Tuesday, September 30, 2008

Incomplete Thoughts

When I started this blog for myself I really thought I had lots of profound thoughts to share with everyone. It turns out I do have them (thoughts) but when I have them it is at a time and place where I can't stop and write them down or run to the computer. Later, I can't remember them. I've been thinking about why I can't remember things very well and what I can do about the problem.
  • Kids seem to deplete brain cells faster than beer or wine ever could.
  • I find myself starting one thing, then being interrupted for another and not going back to complete the first thing. If I can't even remember what I was doing, then how can I remember what I was thinking?
  • Everything seems to be more important than what I'm thinking.

What to do about it:

  • I've been checking out a website that has a word of the day--problem is, trying to fit the word into a conversation with toddler boys is impossible. When an adult is finally here, I've forgotten the word.
  • The above website has word games. I play those, I think they are preserving a little bit of my brain function but definitely not improving or helping me regain any memory loss. (They always warned us that once you killed those brain cells they can't come back)
  • Saw an ad for a spa treatment that is supposed to help with memory. They were running a special--I thought the price wasn't bad. Until I realized the price per night just included your room.
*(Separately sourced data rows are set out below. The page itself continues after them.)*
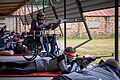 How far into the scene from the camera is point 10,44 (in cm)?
729

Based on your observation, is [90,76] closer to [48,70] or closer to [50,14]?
[48,70]

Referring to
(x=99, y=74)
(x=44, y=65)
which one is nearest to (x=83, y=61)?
(x=44, y=65)

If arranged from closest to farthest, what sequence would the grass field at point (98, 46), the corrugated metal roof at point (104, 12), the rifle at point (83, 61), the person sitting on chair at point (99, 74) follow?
the person sitting on chair at point (99, 74)
the rifle at point (83, 61)
the corrugated metal roof at point (104, 12)
the grass field at point (98, 46)

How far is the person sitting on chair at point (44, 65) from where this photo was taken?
4.14 m

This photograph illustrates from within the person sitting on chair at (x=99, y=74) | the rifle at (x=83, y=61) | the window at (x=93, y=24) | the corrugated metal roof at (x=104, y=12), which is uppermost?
the corrugated metal roof at (x=104, y=12)

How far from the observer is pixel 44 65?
458 cm

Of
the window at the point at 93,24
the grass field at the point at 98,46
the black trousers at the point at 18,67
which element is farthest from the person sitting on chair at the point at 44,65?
the window at the point at 93,24

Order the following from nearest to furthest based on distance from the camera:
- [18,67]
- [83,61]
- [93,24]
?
[83,61]
[18,67]
[93,24]

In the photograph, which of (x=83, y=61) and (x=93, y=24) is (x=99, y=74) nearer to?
(x=83, y=61)

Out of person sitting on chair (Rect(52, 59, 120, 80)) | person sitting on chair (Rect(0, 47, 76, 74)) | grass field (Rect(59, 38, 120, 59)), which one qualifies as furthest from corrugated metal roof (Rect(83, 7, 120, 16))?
person sitting on chair (Rect(52, 59, 120, 80))

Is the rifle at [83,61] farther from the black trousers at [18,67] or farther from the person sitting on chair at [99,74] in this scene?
the person sitting on chair at [99,74]

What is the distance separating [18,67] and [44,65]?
0.41 m

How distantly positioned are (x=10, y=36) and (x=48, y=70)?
11.2ft

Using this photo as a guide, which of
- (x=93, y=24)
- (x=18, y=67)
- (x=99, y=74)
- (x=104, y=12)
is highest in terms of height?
(x=104, y=12) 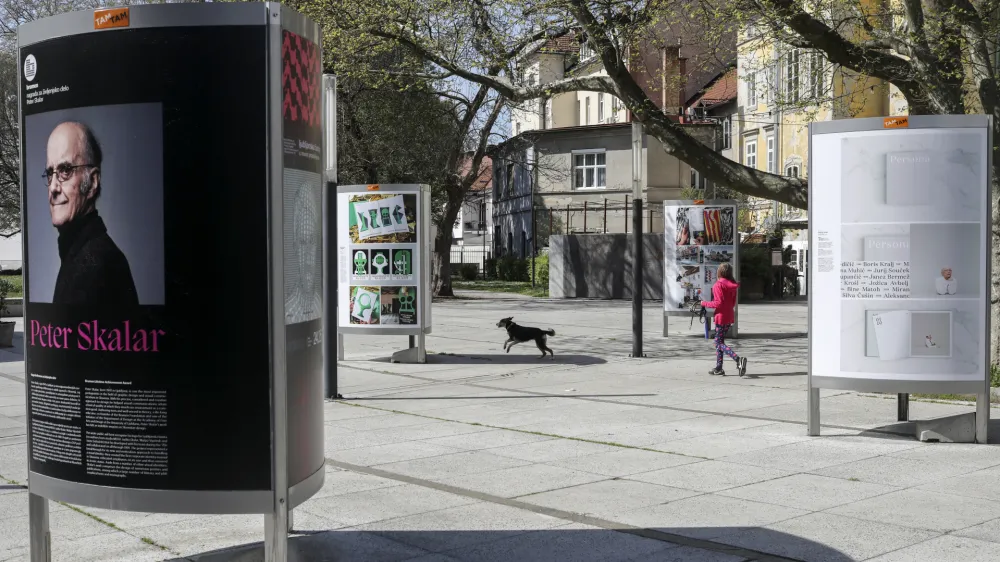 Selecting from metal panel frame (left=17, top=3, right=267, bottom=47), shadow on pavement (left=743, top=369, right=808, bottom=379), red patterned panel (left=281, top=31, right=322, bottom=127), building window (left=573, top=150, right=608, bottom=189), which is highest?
building window (left=573, top=150, right=608, bottom=189)

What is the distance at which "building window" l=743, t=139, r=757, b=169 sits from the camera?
52094 millimetres

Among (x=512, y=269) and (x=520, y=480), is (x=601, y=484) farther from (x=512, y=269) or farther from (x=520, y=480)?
(x=512, y=269)

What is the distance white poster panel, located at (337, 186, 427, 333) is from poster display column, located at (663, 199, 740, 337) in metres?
6.21

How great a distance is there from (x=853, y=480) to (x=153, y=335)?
494cm

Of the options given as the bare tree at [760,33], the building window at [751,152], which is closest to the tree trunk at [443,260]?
the bare tree at [760,33]

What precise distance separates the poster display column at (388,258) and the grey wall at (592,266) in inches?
778

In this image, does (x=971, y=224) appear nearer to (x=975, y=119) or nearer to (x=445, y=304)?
(x=975, y=119)

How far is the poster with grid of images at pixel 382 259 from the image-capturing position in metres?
16.5

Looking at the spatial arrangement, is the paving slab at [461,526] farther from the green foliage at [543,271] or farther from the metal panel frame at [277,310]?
the green foliage at [543,271]

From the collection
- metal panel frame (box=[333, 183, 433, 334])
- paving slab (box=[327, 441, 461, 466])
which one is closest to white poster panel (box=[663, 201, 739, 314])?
metal panel frame (box=[333, 183, 433, 334])

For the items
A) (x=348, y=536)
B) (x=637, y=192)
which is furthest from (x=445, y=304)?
(x=348, y=536)

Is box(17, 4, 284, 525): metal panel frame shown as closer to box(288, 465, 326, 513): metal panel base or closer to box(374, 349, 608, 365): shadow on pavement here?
box(288, 465, 326, 513): metal panel base

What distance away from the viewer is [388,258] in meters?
16.8

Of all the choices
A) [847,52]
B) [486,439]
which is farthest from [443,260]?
[486,439] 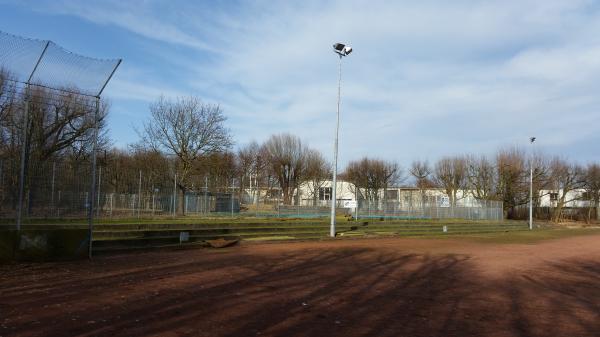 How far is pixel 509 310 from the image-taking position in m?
8.75

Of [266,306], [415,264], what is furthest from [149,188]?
[266,306]

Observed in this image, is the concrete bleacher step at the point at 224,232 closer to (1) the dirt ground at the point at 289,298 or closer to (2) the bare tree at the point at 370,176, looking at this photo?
(1) the dirt ground at the point at 289,298

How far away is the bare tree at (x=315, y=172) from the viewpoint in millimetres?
65688

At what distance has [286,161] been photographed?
65125 millimetres

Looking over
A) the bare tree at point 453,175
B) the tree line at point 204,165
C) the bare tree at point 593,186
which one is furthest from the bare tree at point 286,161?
the bare tree at point 593,186

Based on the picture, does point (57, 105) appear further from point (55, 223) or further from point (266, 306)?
point (266, 306)

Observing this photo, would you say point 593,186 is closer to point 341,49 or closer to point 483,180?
point 483,180

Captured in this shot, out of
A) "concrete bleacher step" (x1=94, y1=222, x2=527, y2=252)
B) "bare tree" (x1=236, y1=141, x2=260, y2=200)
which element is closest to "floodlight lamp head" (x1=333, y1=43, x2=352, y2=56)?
"concrete bleacher step" (x1=94, y1=222, x2=527, y2=252)

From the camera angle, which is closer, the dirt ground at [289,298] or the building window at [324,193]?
the dirt ground at [289,298]

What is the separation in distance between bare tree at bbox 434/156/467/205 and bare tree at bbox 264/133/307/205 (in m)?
19.4

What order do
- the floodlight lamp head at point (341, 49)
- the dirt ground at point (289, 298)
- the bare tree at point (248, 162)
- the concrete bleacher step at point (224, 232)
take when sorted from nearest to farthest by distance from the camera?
1. the dirt ground at point (289, 298)
2. the concrete bleacher step at point (224, 232)
3. the floodlight lamp head at point (341, 49)
4. the bare tree at point (248, 162)

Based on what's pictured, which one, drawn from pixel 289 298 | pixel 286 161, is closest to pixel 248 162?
pixel 286 161

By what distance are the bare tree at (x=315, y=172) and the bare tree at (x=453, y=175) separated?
A: 51.2ft

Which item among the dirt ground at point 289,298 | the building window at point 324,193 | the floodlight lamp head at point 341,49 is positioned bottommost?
the dirt ground at point 289,298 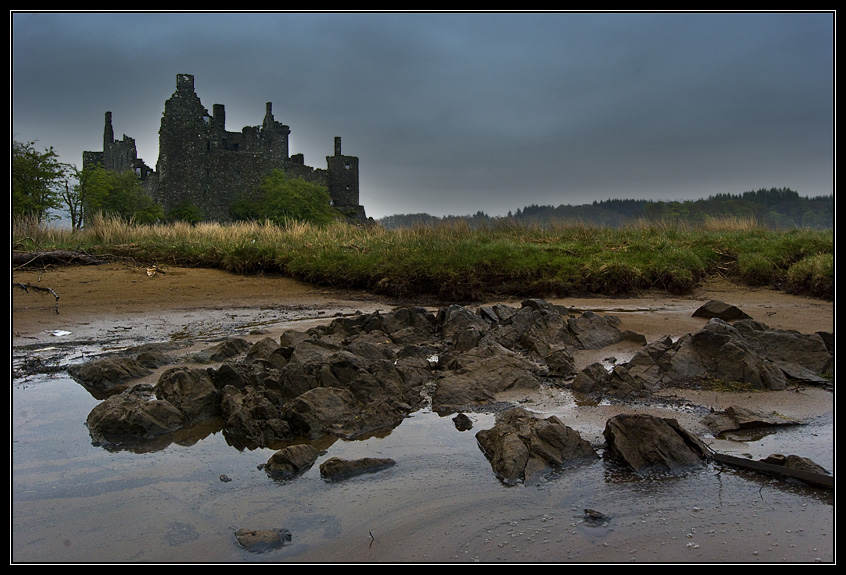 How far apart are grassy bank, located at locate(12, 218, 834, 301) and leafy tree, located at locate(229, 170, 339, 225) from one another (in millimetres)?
22572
The price of the treatments would make you want to forget, not remember.

My conclusions: I think as a mom you just have to accept the fact that the mind is one of the first things to go and it is not necessarily your fault. Any suggestions on having complete thoughts and then remembering them are greatly appreciated. Maybe we could start a support group or get our disorder labeled as an "official disability." Then we could probably apply for government assistance or something.